* _WHAT YOU NEED TO DO_: Apart from the pictures, reproduce the data below exactly as it stands.

**** DATA EXTRACT ****

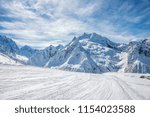 Ski slope, Peak Ine and Mt. Sofrudzhu in winter sunny day. Dombay ski resort, Western Caucasus, Russia.
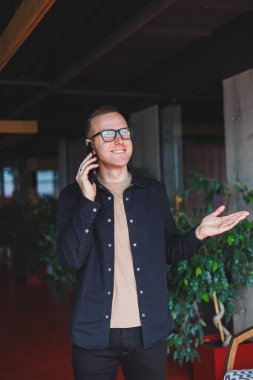 Optik gözlüklü mutlu bir adamın yarım boy portresi modern cep telefonunu tutuyor ve kameraya gülümsüyor, dijital akıllı telefonlu neşeli blogcu birlikte çalışma alanında poz veriyor.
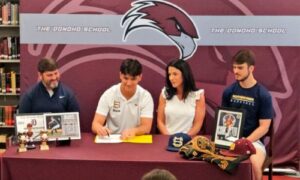 Donoho’s Blake Sewell, flanked by family, signs Monday to play baseball for Southern Union Community College.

****

* _RESPONSE_:
 Ski slope, Peak Ine and Mt. Sofrudzhu in winter sunny day. Dombay ski resort, Western Caucasus, Russia.
 Optik gözlüklü mutlu bir adamın yarım boy portresi modern cep telefonunu tutuyor ve kameraya gülümsüyor, dijital akıllı telefonlu neşeli blogcu birlikte çalışma alanında poz veriyor.
 Donoho’s Blake Sewell, flanked by family, signs Monday to play baseball for Southern Union Community College.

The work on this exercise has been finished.